Viele Sänger haben zusammen mit den Dirigenten David Seaman, Andrea Molino und zuletzt mit Franz Killer  und dem Regisseur Peter B. Wyrsch die ungewöhnliche Arbeit der Pocket Opera geprägt, allen voran der Wagnersänger Wolfgang Schmidt, wie auch Jennifer Rhys-Davies, Elizabeth Kingdon oder David Moss.

Seit dem Jahr 2003 verfolgt die Pocket-Opera Company Nürnberg, durch die Gegenüberstellung barocker Opern mit zeitgenössischer Musik, neue Spannungselemente in der musiktheatralischen Konzeption.
So entstanden aus zum Teil längst vergessenen oder selten aufgeführten aristokratischen Werken des 17.Jahrhunderts, zeitgemässe Stoffe, verbunden mit der Klangwelt des 20. und 21.Jahrhunderts.
Natürlich tragen auch hier die Spielorte (Heizkraftwerk Franken, Müllschwelanlage Fürth, Schwarzachklamm bei Schwarzenbruck oder zuletzt die Radrennbahn Katzwang) zur Schärfung der Stoffe bei, wobei manche Stücke sogar im Hinblick auf die einzelnen Spielorte entstanden:
Dazu zählen
– POC Barock 1, ein Pasticcio aus Barockarien und experimenteller Vokalakrobatik in Science-Fiction Kostümen. (2003)
– Orlando von G.F.Händel, dargestellt zwischen gigantischen Schaufelrädern der Turbinenhalle des E.on Kraftwerks in Nürnberg. (2003)
– One charming night, eine Gegenüberstellung bzw. Verbindung zweier Opern.
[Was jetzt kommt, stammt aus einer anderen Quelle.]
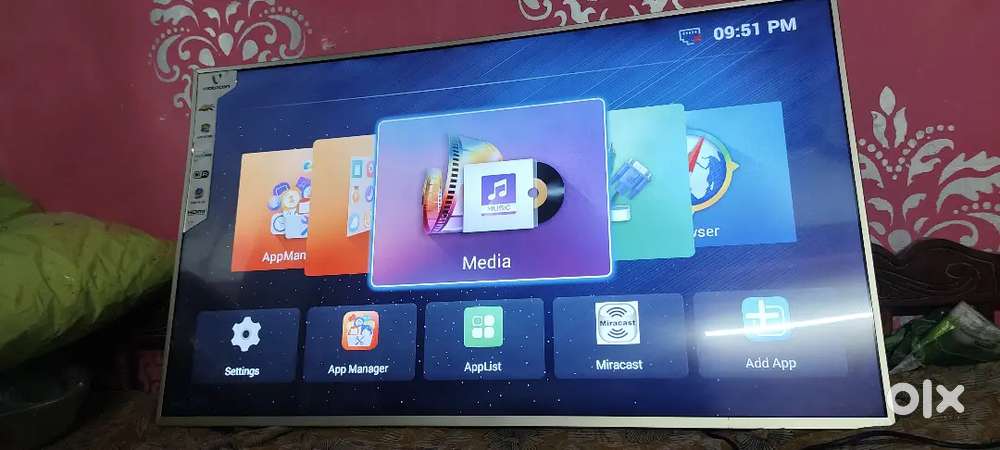 Videocon 50 inches 4k uhd smart tv Good working back body smal dammage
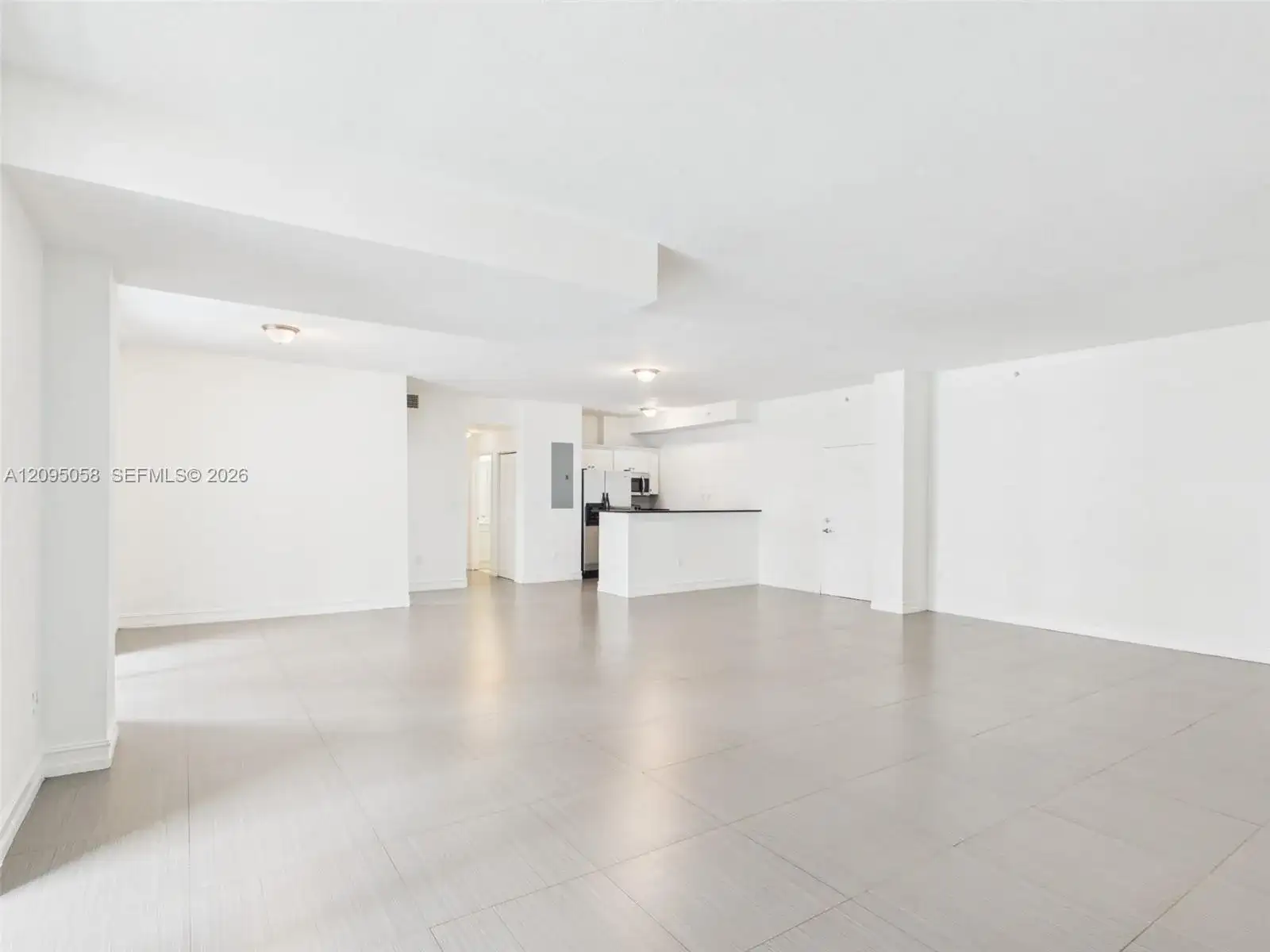 425 NE 30th St # 701, Miami FL 33137 photo 4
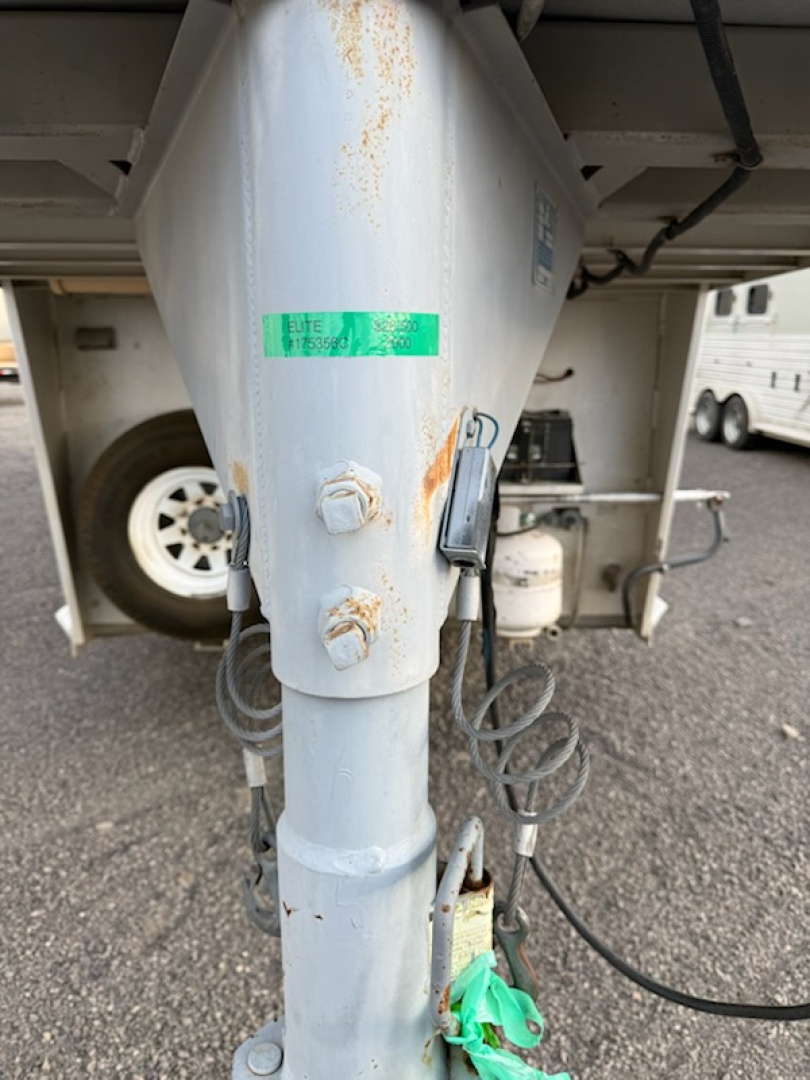 Used 2000 Elite 4H WEEKENDER Horse Trailer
Purcells „The fairy Queen“ mit Sylvano Bussottis „La passion selon Sade“ in der Müllschwelbrandanlage in Fürth. (2004)
– Und schließlich die Barockoper von J.B.Lully, dem Haus- und Hofkomponisten des Sonnenkönigs Ludwig XIV., die nach einem mehrhundertjährigen Dornröschenschlaf durch die POC zu neuem Leben erweckt wurde und die in der Kombination mit der Musik Moondogs und Texten Doris Dörries eine nie gehörte Brillanz und Aktualität erlebte. (2005)
Im August 2007 übernahm Franz Killer, der als musikalischer Leiter seit 2003 die neue Barockprogrammatik in der Pocket Opera eingeführt hatte, zusätzlich die künstlerische Leitung. Peter Beat Wyrsch verabschiedete sich nach 33 Jahren in dieser Funktion von der Pocket Opera Company Nürnberg. Er wurde als künstlerischer Direktor an das Städtebundtheater Biel / Solothurn in der Schweiz berufen.